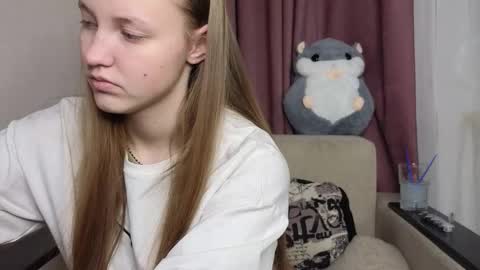 Jenny online show from December 17, 2025, 8:15 pm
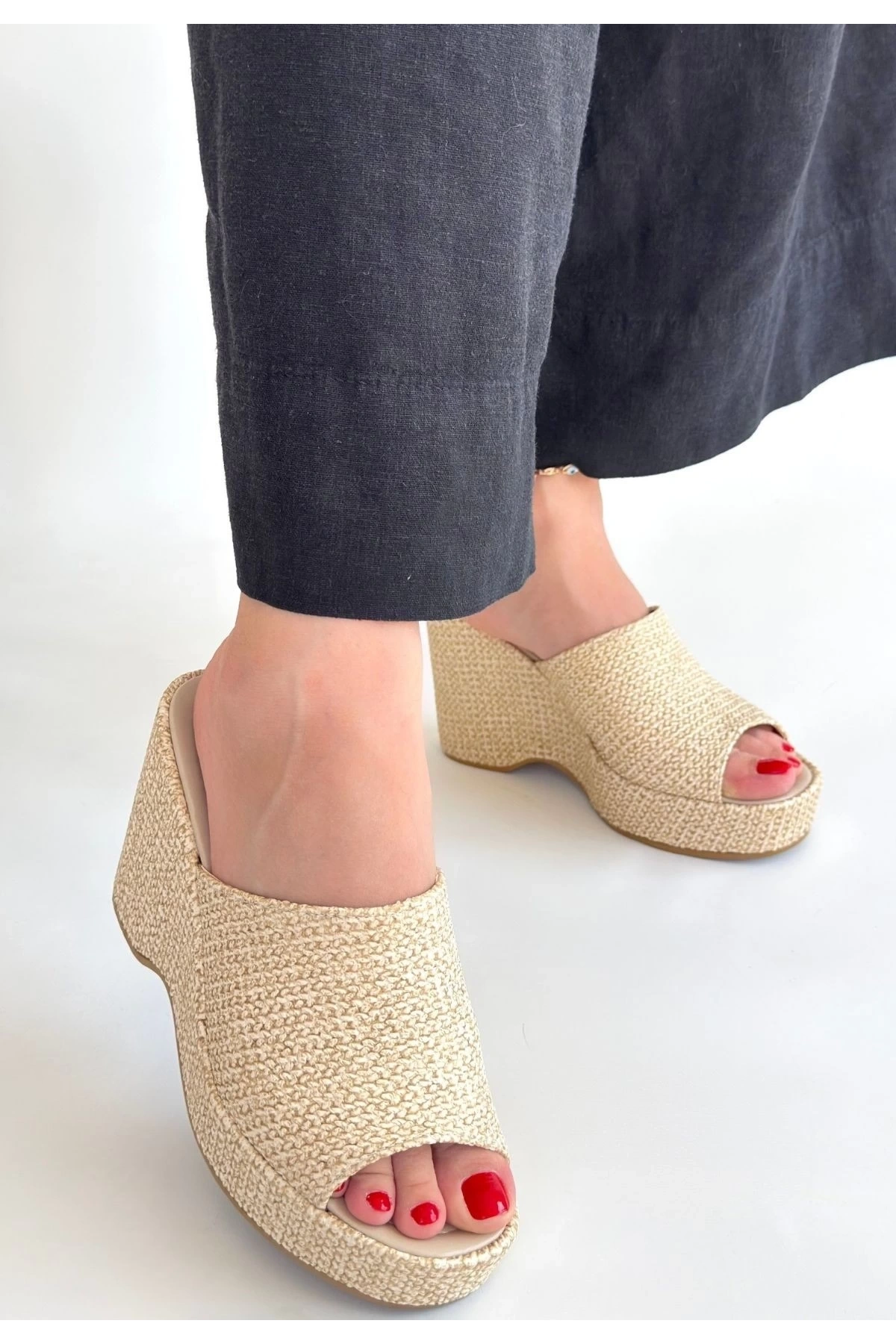 Tlay Bej Hasır Dokumalı Dolgu Topuk Terlik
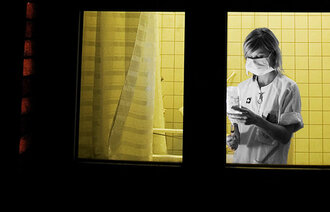 Bilde av sykepleier på nattvakt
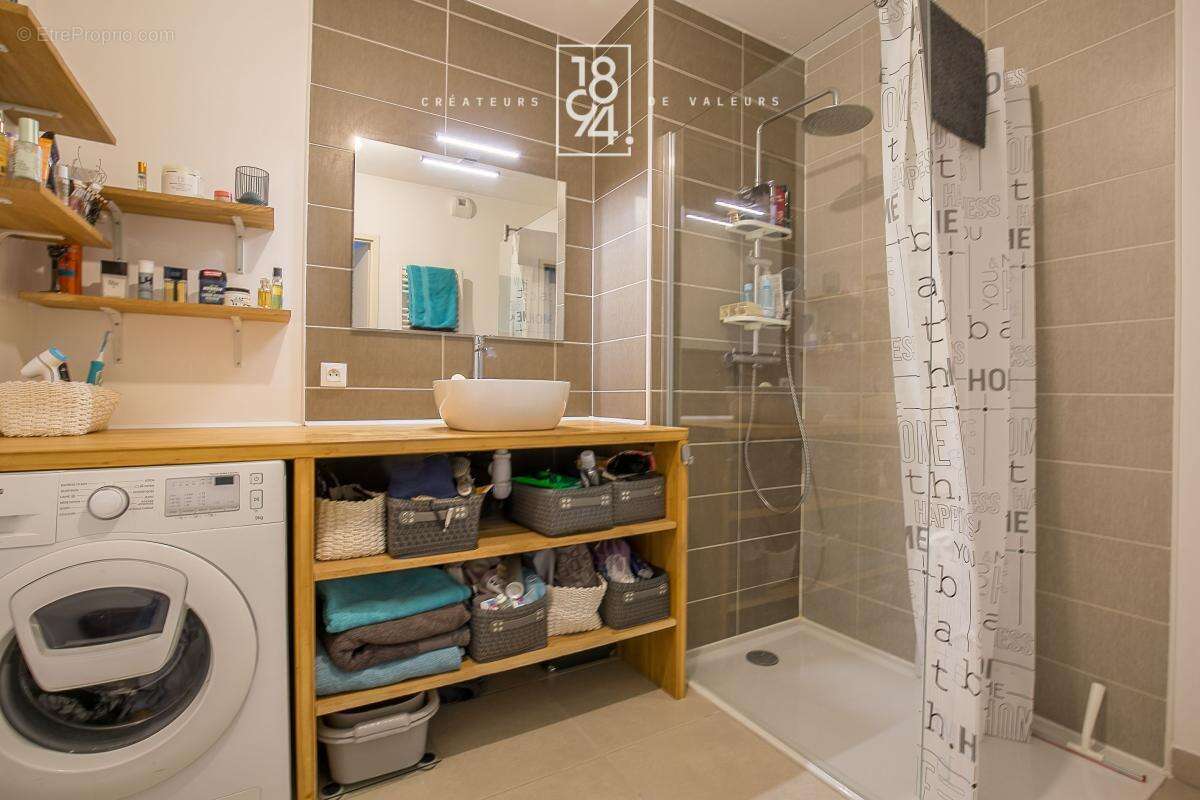 Appartement à MARSEILLE-11E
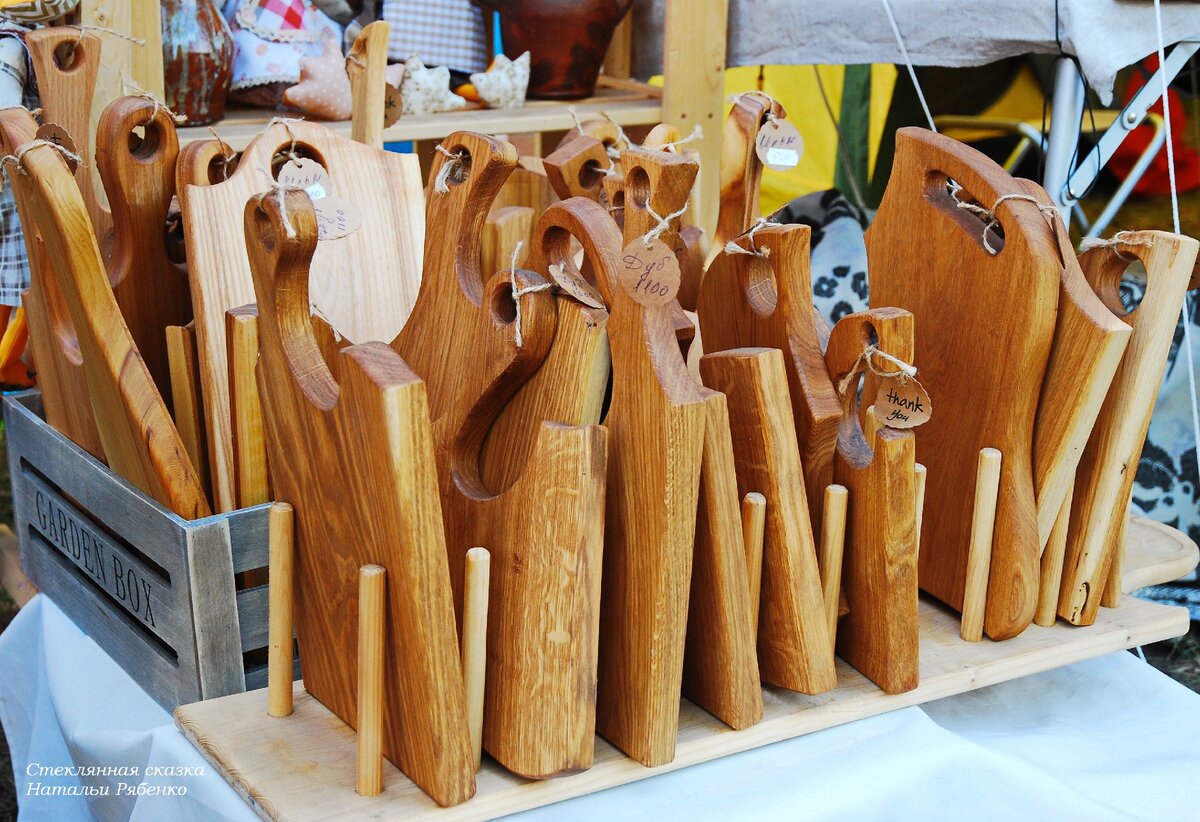 кузнечное дело, русь, кузница. бондарное ремесло. бондарная фабрика бочар. резьба по дереву ремесло. средневековые ремесленные цехи.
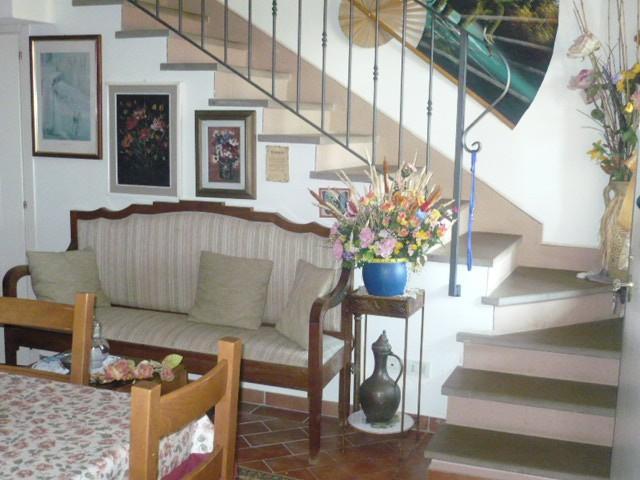 appartamento in vendita a Casciana Terme Lari in zona Perignano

__ACTIVITY__.
All of the material should be reproduced exactly, apart from the pictures.

__WORKED SOLUTION__.
 Jenny online show from December 17, 2025, 8:15 pm
 Tlay Bej Hasır Dokumalı Dolgu Topuk Terlik
 Bilde av sykepleier på nattvakt
 Appartement à MARSEILLE-11E
 кузнечное дело, русь, кузница. бондарное ремесло. бондарная фабрика бочар. резьба по дереву ремесло. средневековые ремесленные цехи.
 appartamento in vendita a Casciana Terme Lari in zona Perignano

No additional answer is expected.